On the other hand, having a few hash collisions may not be a serious problem.
That is essentially random dimensionality reduction and it also densifies the
data, which helps ALS. We can estimate how many users/products we can handle if
we allow 0.1% collision (should be couple million) and discuss more about the
trade-offs.
> Use long as user / item ID for ALS
> ----------------------------------
>
> Key: SPARK-2465
> URL: https://issues.apache.org/jira/browse/SPARK-2465
> Project: Spark
> Issue Type: Improvement
> Components: MLlib
> Affects Versions: 1.0.1
> Reporter: Sean Owen
> Priority: Minor
> Attachments: Screen Shot 2014-07-13 at 8.49.40 PM.png
>
>
> I'd like to float this for consideration: use longs instead of ints for user
> and product IDs in the ALS implementation.
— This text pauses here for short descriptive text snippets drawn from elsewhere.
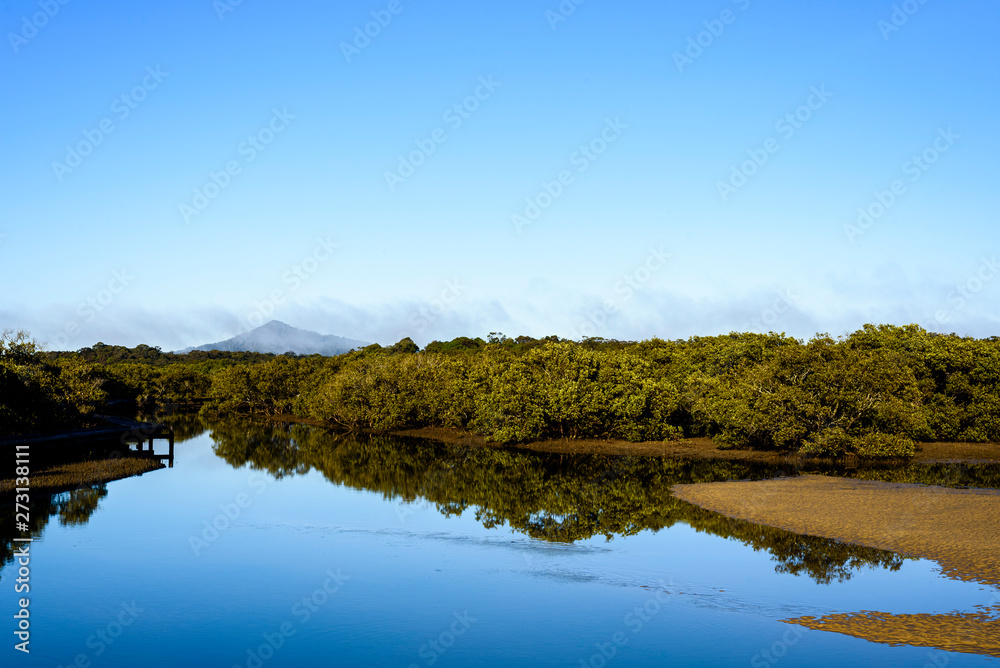 Landscape of Urunga Lagoon, with mountain in the background. Landscape of Urunga Lagoon, with mountain in the background.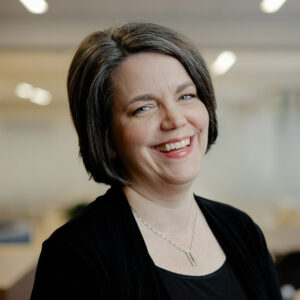 Smiling woman in a professional indoor setting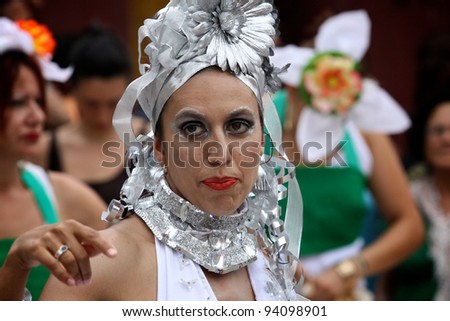 BOLOGNA, ITALY - JUN 18: Pretty Brazilian Girl masked as a Samba Dancer smiling during the \'Partòt\' Street Parade 2011 in \'Piazza Maggiore\' Bologna, Italy on Jun 18, 2011.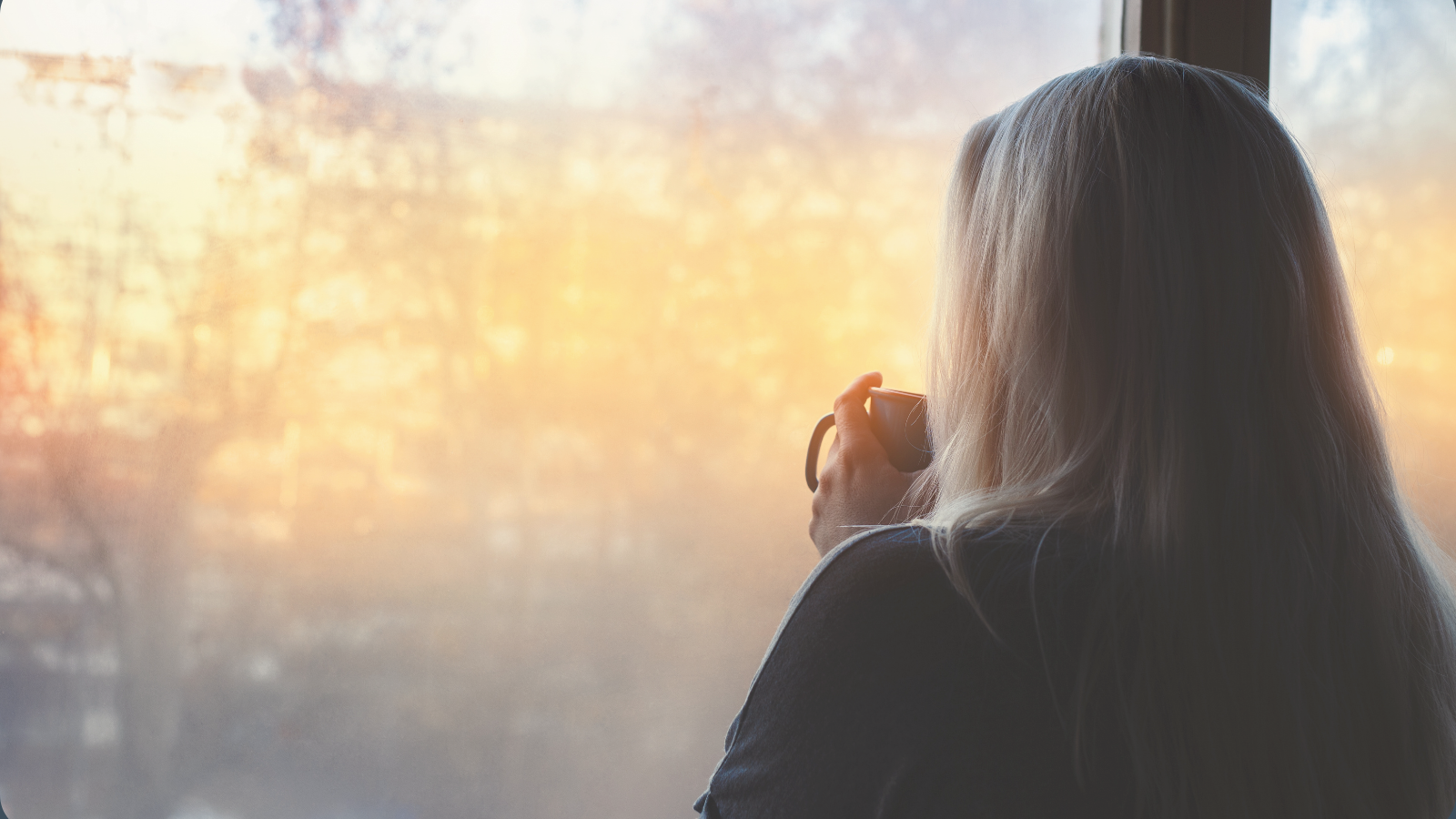 Woman holding a mug and looking out a window in quiet reflection, representing nervous system overwhelm, exhaustion, and the process of letting go.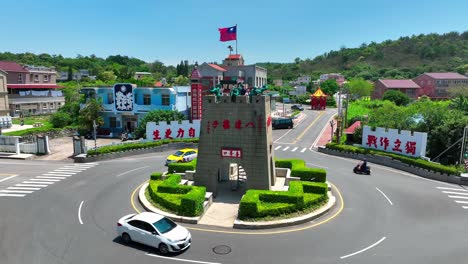 Luftaufnahme-Eines-Touristen-Auf-Dem-Historischen-Turm-Am-Kreisverkehr-Auf-Der-Insel-Kinmen-An-Einem-Sonnigen-Tag---Historisches-Soldatendenkmal-Mit-Wehender-Flagge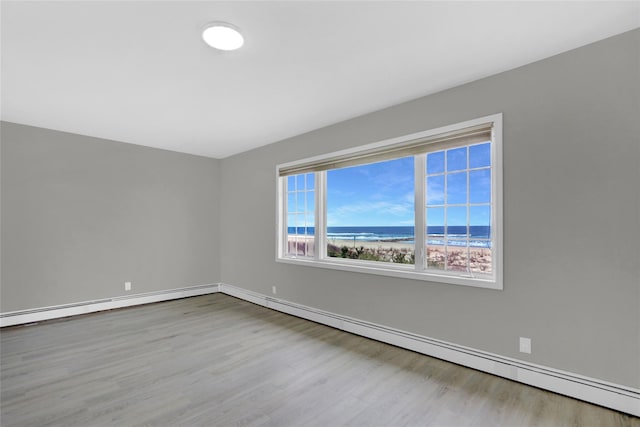 empty room featuring baseboards, baseboard heating, a water view, and wood finished floors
> The main reason for is that identifiers are not generally numeric at all, and
> will be hashed to an integer. (This is a separate issue.) Hashing to 32 bits
> means collisions are likely after hundreds of thousands of users and items,
> which is not unrealistic. Hashing to 64 bits pushes this back to billions.
> It would also mean numeric IDs that happen to be larger than the largest int
> can be used directly as identifiers.
> On the downside of course: 8 bytes instead of 4 bytes of memory used per
> Rating.
> Thoughts? I will post a PR so as to show what the change would be.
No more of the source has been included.